Mitski’s use of video game sounds also hints at the theme of treating relationships as games. Indeed, “Why Didn’t You Stop Me?” subtly tells the tale of playing too hard to get, and “The Only Heartbreaker” starts its second verse with, “So I'll be the loser in this game.” While the relationships are emotionally serious, the speakers in these songs cannot act seriously enough to do the right thing for them. Thus, they play out like a losing battle—a back-and-forth volley until, at some point, the partner won’t pick the ball up again. In announcing Laurel Hell, the musician said, “I needed songs that could help me forgive both others and myself. I make mistakes all the time.” In this way, Mitski’s continued contemplation of precipitating romantic downfall can be seen as a process of acceptance. Speaking to Rolling Stone, she qualifies the blame on the bad guy: “Maybe the reason you’re always the one making mistakes is because you’re the only one trying.” It is up to the listener to take the song as an invitation to also forgive—either the self or the other.
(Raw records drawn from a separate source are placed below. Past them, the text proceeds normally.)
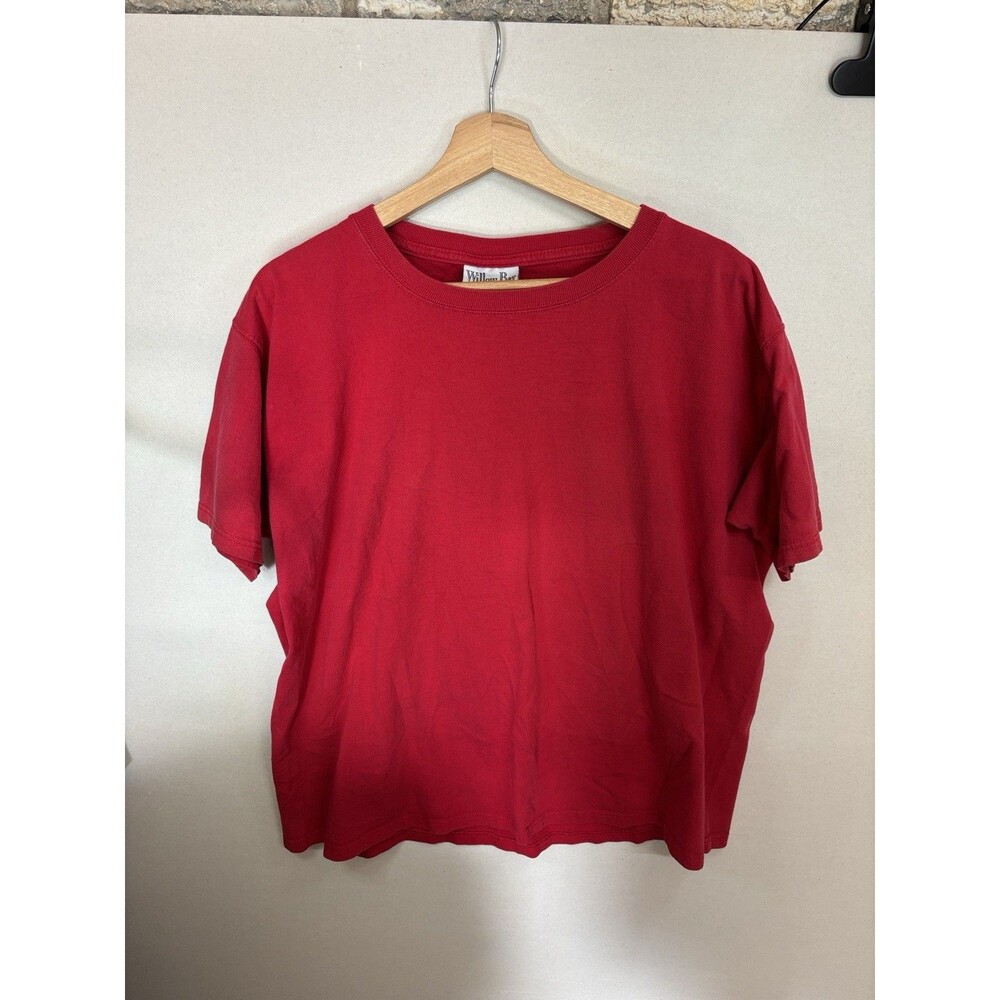 WILLOW BAY Red Short Sleeve T/Neck P/Over Womens Top T-Shirt Size XL 18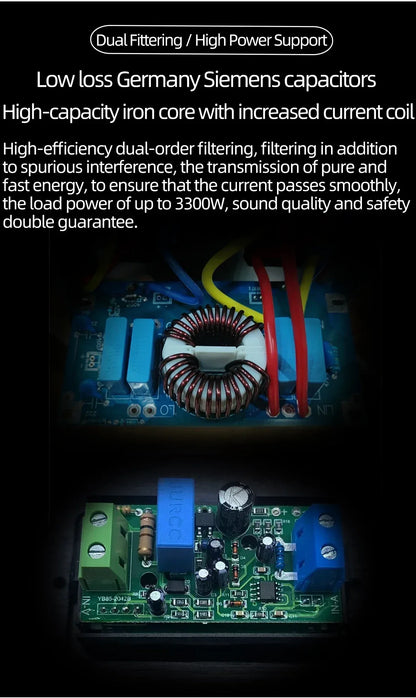 Hi-end EU Hifi Power Filter for Standard EU Socket Noise-free Audio Purifier Filter Power Conditioner with EU Outlets Strip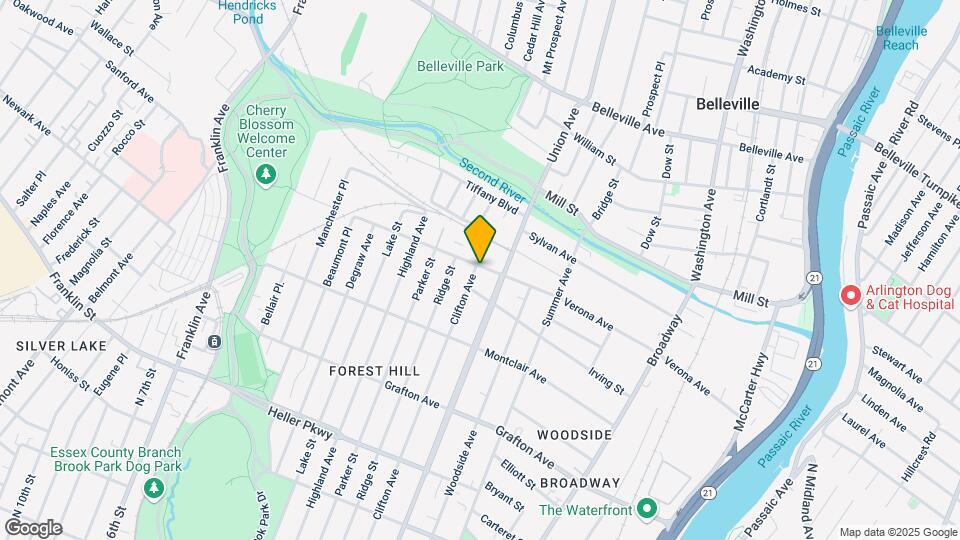 833 Ridge St Map and Location Details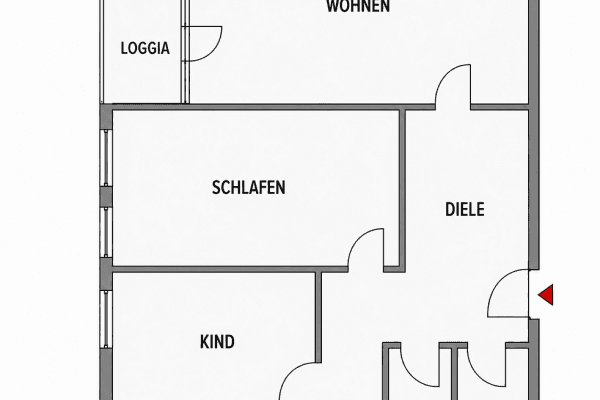 Prenájom bytu 3-izbový 84 m², Arthur-Bretschneider-Strasse 13, Chemnitz, Sasko Prenájom bytu 3-izbový 84 m², Arthur-Bretschneider-Strasse 13, Chemnitz, Sasko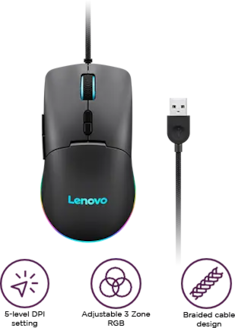 Lenovo M210 RGB ゲーミングマウス | GY51M74265 | レノボ・ ジャパン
While Mitski mines these video game references for meaning, they also connect in a broader sense to Mitski’s Japanese-American identity. Her racial and ethnic experience appears at various points throughout her music. In earlier songs like “Liquid Smooth” and “First Love/Late Spring,” some of her lines are in Japanese. Her 2016 record Puberty 2 explicitly examines the fraught romance between a white man and an Asian woman in at least two songs (“Happy” and “Your Best American Girl”). Most recently, in explaining the meaning behind Be the Cowboy’s title on the Daily Show with Trevor Noah, she said, “There’s such an arrogance and a freedom to [the cowboy] that is so appealing to me, especially because I’m an Asian woman. I walk into a room and feel like I have to apologize for existing.” 

Japan’s role in video game history is well known, with its industry emerging as the international leader, coincidentally, during the 1980s. Chiptune, the music genre that encapsulates much of the “video game sound,” also developed in Japan in the 80s. Thus, incorporating video game–like elements into her musical repertoire alludes to this slice of her heritage, regardless of whether it is a conscious choice. In fact, Mitski is just one member of a coterie of English-speaking female artists of Japanese descent that reference video game music, along with the likes of Rina Sawayama and Kero Kero Bonito. Among them, Mitski’s usage of that sound may be the hardest to identify, hidden behind the noise of indie rock or, for “The Only Heartbreaker,” synth-pop. 

Really, it’s the case for much of the nuance and intention in Mitski’s songwriting to go unnoticed. In the same interview with Trevor Noah, she said, “I don't think I would get as many critiques where people say my music is confessional or raw if I wasn't who I am… For some reason, people really need to imagine me as some sort of vessel for emotion or vehicle for music instead of the creator.” Just as Mitski cannot be reduced to a single genre or sound, she cannot be reduced to a single moniker—not “the 21st century's poet laureate of young adulthood,” not “queen of the sad gays,” not even “mom.” She’ll never leave her past work behind, but she is always moving forward. So give “The Only Heartbreaker” a listen (if only because it’s second to last in that playlist’s sadness ranking). I’ll say it again. Best New Track, for sure.